• **YOUR OBJECTIVE**
Images aside, return all the entries exactly.

%%

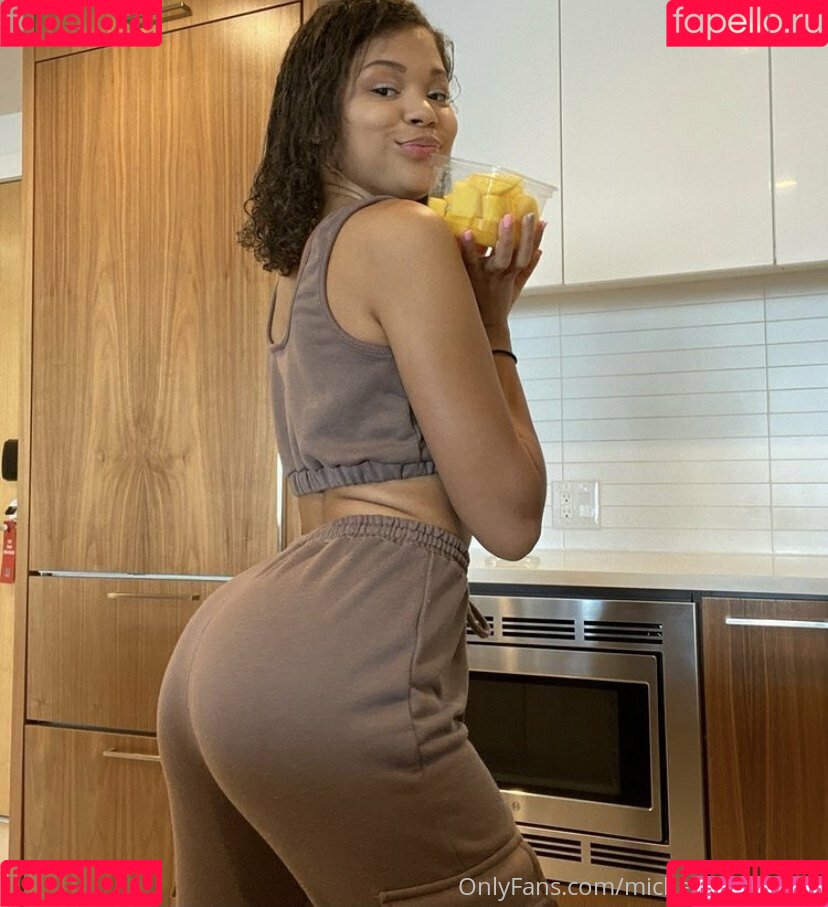 Michelle Anderson Onlyfans Photo Gallery 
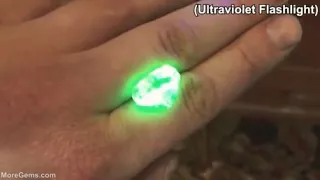 How Opal Mineral glows under UV light under room temperature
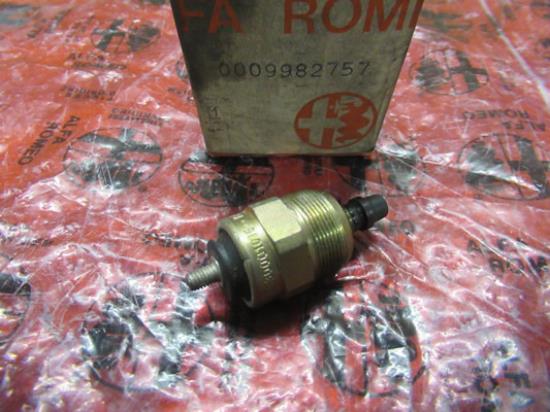 9982757 Klep afregelsysteem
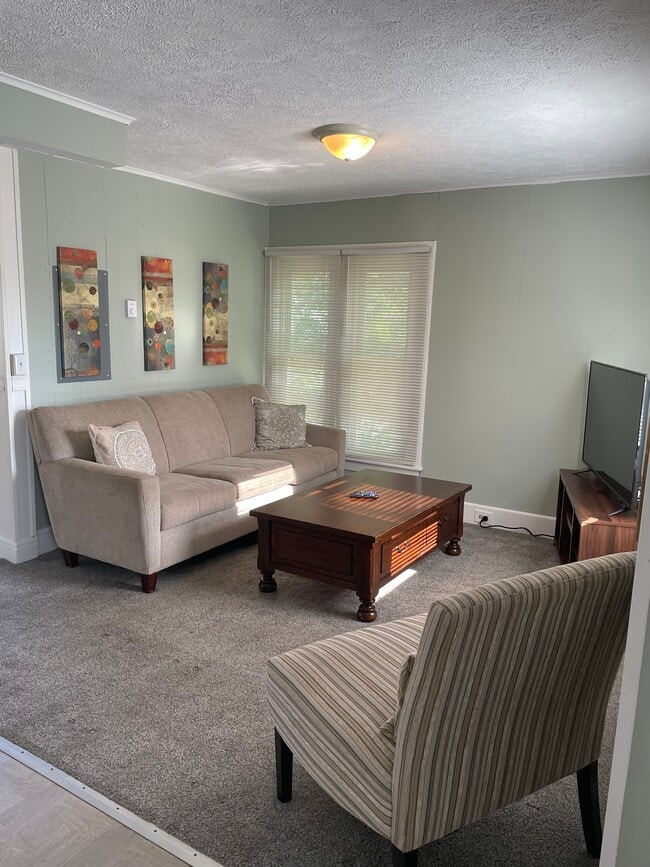 Building Photo - 188 Lake Ave Unit Lake Ave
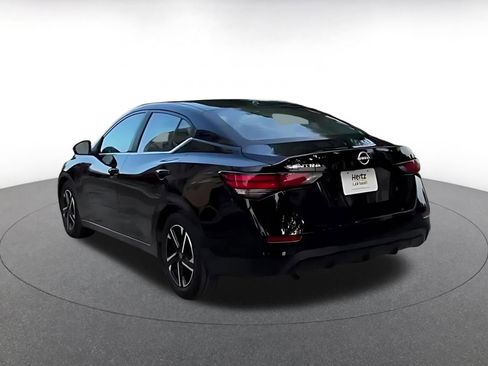Used 2025 Nissan Sentra SV FWD image 9
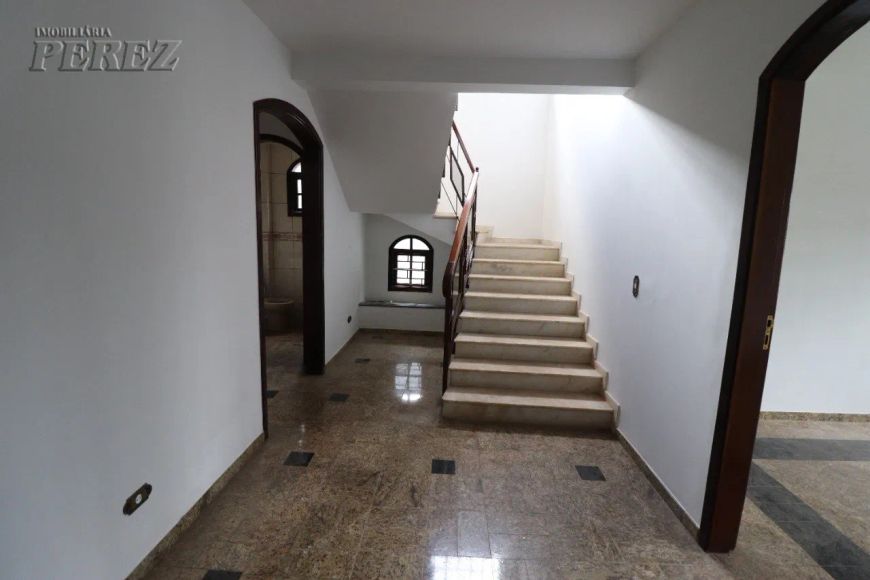 A Imobiliária Perez oferece à você essa ótima opção de sobrado para locação e venda em Londrina:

%%

• **ANSWER BOX**
 Michelle Anderson Onlyfans Photo Gallery 
 How Opal Mineral glows under UV light under room temperature
 9982757 Klep afregelsysteem
 Building Photo - 188 Lake Ave Unit Lake Ave
Used 2025 Nissan Sentra SV FWD image 9
 A Imobiliária Perez oferece à você essa ótima opção de sobrado para locação e venda em Londrina:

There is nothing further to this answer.